La memoria del árbol

Autor: Tina Vallès. Editorial: Anagrama. Páginas:232 

Recuperar la magia

Este blog estaba cerrado, lo confieso. Motivos laborales me han restado el tiempo que necesitaba para seguir con las reseñas y no me veía con fuerzas para continuar con libromedelmal. Pero cuando uno se va topando con libros tan buenos como ” La memoria del árbol” el blog se abre de golpe y sin previo aviso.

Aunque la portada no sea especialmente atractiva, lo que encierra el interior de sus páginas brilla con intensidad. Tina Vallès nos regala un pequeño tesoro con esta obra. Nos coge de la mano para llevarnos a ese terreno tan familiar y  mágico que puede llegar a ser la infancia. Pero también tan duro e indefenso cuando los problemas del mundo adulto resquebrajan sus muros y amenazan con agujerearlo.

Jan es un niño que vive con sus padres en Barcelona y está contento porque sus abuelos del pueblo van a venir a vivir con ellos. No obstante, y aunque los adultos se esfuerzan para que todo funcione como siempre, Jan empieza a observar que hay detalles de esta nueva convivencia que se le escapan, que está  pasando algo que intuye pero que no puede descifrar.

Vallès narra siempre desde la voz del niño y usa sus códigos y sus herramientas para tratar de explicar la realidad que él percibe y también la que intuye, por eso el libro rebosa ternura e inocencia. Es sumamente difícil conseguir el hilo suave e invisible con el que la autora teje de sencillez todo su relato.

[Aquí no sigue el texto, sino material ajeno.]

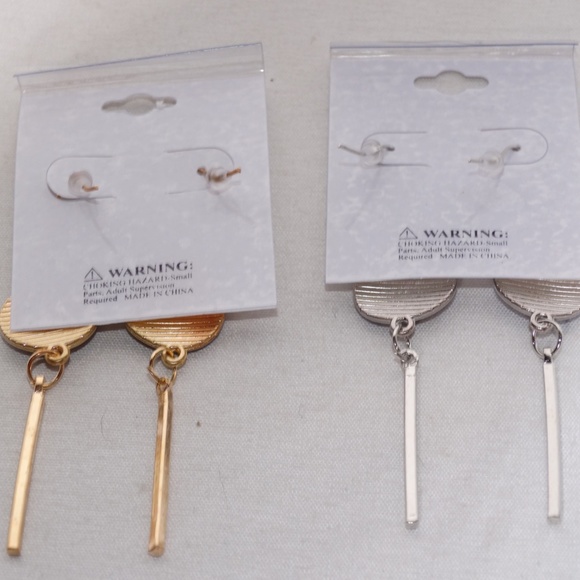 Evil Eye Dangling Earrings Rhinestone Silver Gold - Picture 2 of 2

Cómo dice una persona sabia que conozco: ” los niños pueden ser pequeños en edad, pero no por ello tontos”. En efecto, ellos captan la realidad igual que nosotros, pero en otra frecuencia y piden a los adultos que les ayuden a ampliar la onda de esa frecuencia lo máximo posible.

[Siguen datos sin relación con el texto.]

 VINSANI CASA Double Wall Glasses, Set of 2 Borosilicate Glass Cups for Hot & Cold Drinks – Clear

Y eso precisamente es lo que hace el abuelo Joan . Durante sus paseos después del colegio y entre mordiscos al bocata de fuet, va desgranando las respuestas que su nieto ansía escuchar. Aunque sabe que al hacerlo también se van a plantear las preguntas que su nieto no quiere descubrir.

La autora nos recuerda algo que vamos olvidando con los años: que podemos ser niños cada vez que queramos. La vida se ve mejor así. Lean este libro, les garantizo que habrá momentos en que sus ojos sean de cristal, pero acabarán con una O grande de agradecimiento en el corazón.